Development of genotyping by sequencing (GBS) and array derived SNP markers for stem rust resistance gene Sr42

Authors: GAO, LIANGLIANG - University Of Minnesota; KIELSMEIRER-COOK, JOSH - University Of Minnesota; BAJGAIN, PRABIN - University Of Minnesota; ZHANG, XIAOFEI - University Of Minnesota; Chao, Shiaoman; Rouse, Matthew - Matt; ANDERSON, JAMES - University Of Minnesota

Submitted to: Molecular Breeding
Publication Type: Peer Reviewed Journal
Publication Acceptance Date: 10/23/2015
Publication Date: 11/5/2015
Publication URL: http://handle.nal.usda.gov/10113/61810
Citation: Gao, L., Kielsmeirer-Cook, J., Bajgain, P., Zhang, X., Chao, S., Rouse, M.N., Anderson, J.A. 2015. Development of genotyping by sequencing (GBS)- and array-derived SNP markers for stem rust resistance gene Sr42. Molecular Breeding. 35:207.

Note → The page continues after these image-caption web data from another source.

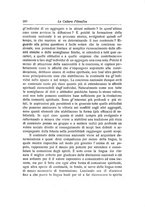 giornale/TO00182515/1915/unico/00000220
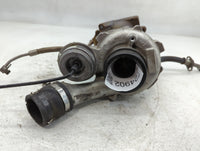 2013 Gl450 Turbocharger Turbo Charger Super Charger Supercharger - Oemusedautoparts1.com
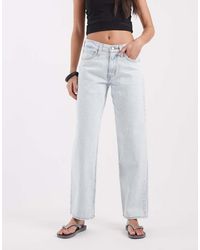 Levi's - '94 - Lyst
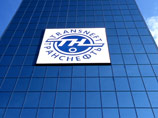 "Транснефть" предлагает расширение ВСТО в обмен на "разморозку" тарифов "Транснефть" предлагает расширение ВСТО в обмен на "разморозку" тарифов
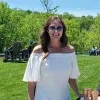 Sheri Sims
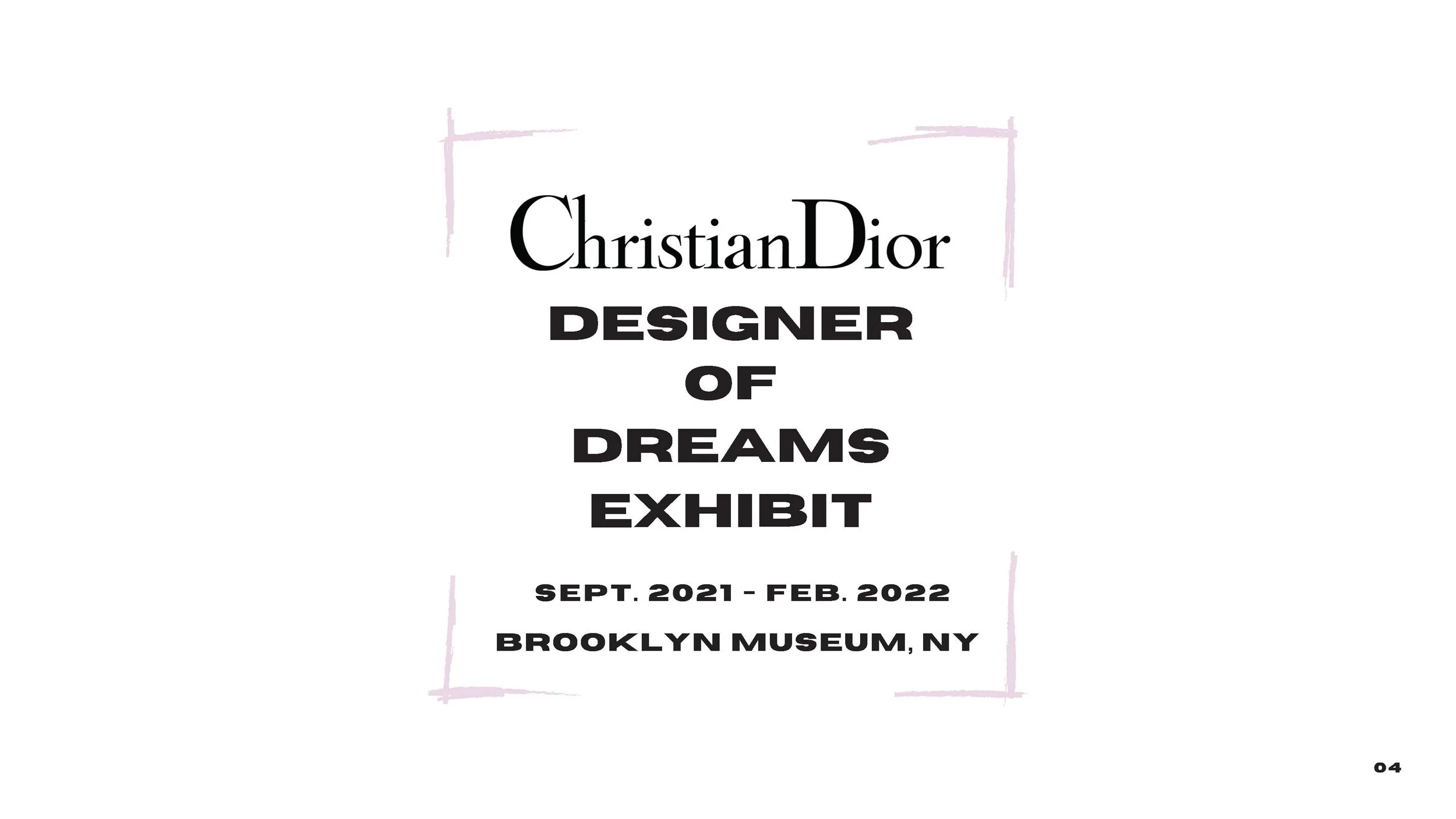 GRDS 348 Final Processbook_Page_06.jpg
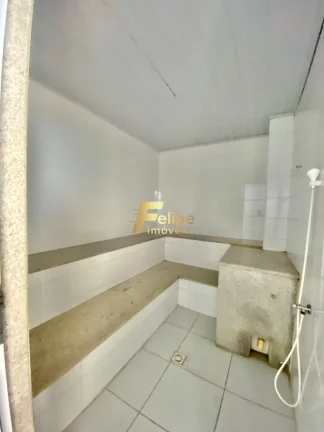 Imagem APARTAMENTO COM VISTA LATERAL PARA O MAR!!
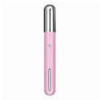 XIAOMI INFACE EYE CARE INSTRUMENT PINK MS5000
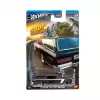 Hot Wheels Hot Wagons 2024 5li Set - GDG44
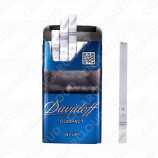 Давыдов Compact Blue
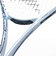 ミズノ（MIZUNO）ソフトテニスラケット アクロスピード V-05 63JTN5A520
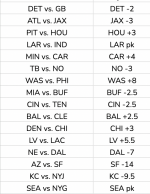 Screen Shot 2023-09-28 at 6.40.04 AM.png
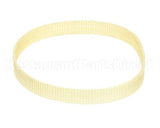 300-040 General Belt Gsv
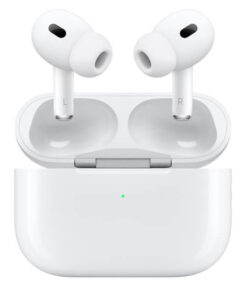 Tai nghe không dây Apple AirPods Pro 2 (2022) chính hãng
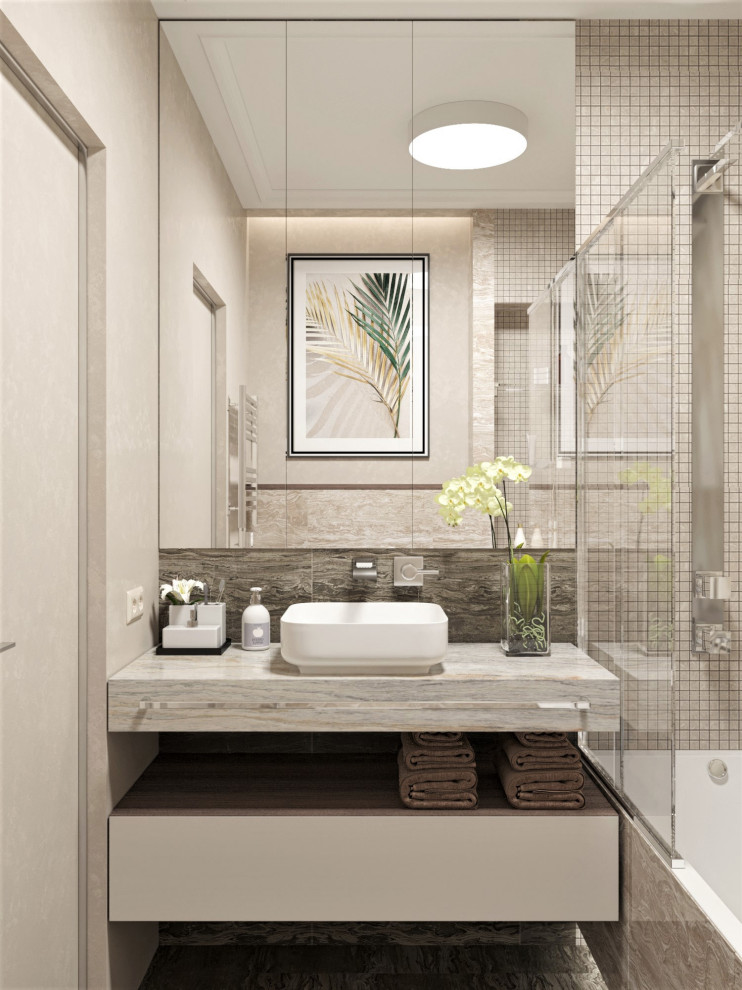 Морские дюны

Interpretive Summary: Wheat stem rust is a fungal disease of wheat that decreases yield. A strain of the wheat stem rust fungus known as Ug99 emerged in Uganda in 1999 and threatens global wheat production because it is able to infect nearly all wheat varieties. In order to find moleular markers associated with resistance to Ug99, two biparental populations of wheat were assessed at the seedling stage to Ug99 at the USDA-ARS Cereal Disease Laboratory. The lines in each population were genotyped by both a custom chip and sequencing to identify single nucleotide polymorphsims (SNPs). Markers were identified that were linked to Ug99 resistance in both populations. The resistance-liniked markers identified were validated on a panel of wheat lines with and without Ug99 resistance. These markers can be utlized in wheat breeding for Ug99 resistant wheat varieties. Ug99 resistant wheat cultivars will protect United States wheat production from yield loss if a Ug99 epidemic were to occur in the United States.

Technical Abstract: The stem rust fungus, particularly race TTKSK (Ug99), poses a serious threat to world wheat production. Gene Sr42 or SrCad (which could be the same gene or an allele of Sr42) is effective against race TTKSK. However, known genetic markers for Sr42 are mostly SSR markers which are generally labor intensive to use. In this study, we mapped a race TTKSK resistance gene derived from PI 595667 at the same locus as Sr42 on chromosome 6DS. Based on position, pedigree and infection type information, we propose that this gene, derived from PI 595667, is SrCad (Sr42). We enriched the genetic map for the Sr42 region using genotyping by sequencing (GBS) and array-derived SNP markers. In total, 21 SNP markers were discovered, spanning a genetic distance of 27.2 cM. Nine of them are derived from GBS and twelve of them are derived from Illumina iSelect 90K SNPs. Ten of the twenty-one SNP markers are closely linked (<2.2cM, or co-segregating) with Sr42. We converted five of the closely linked SNPs into uniplex KASP assays which will better facilitate marker assisted selection. We validated the KASP assay in a doubled haploid wheat population derived from a three way cross between accessions PI 410954, RB07, and Faller that shared an uncharacterized resistance gene mapped at approximately the same locus as PI 595667. The development of closely linked (co-segregating), co-dominant, sequence-based SNP assays will aid marker assisted selection and map-based cloning of Sr42.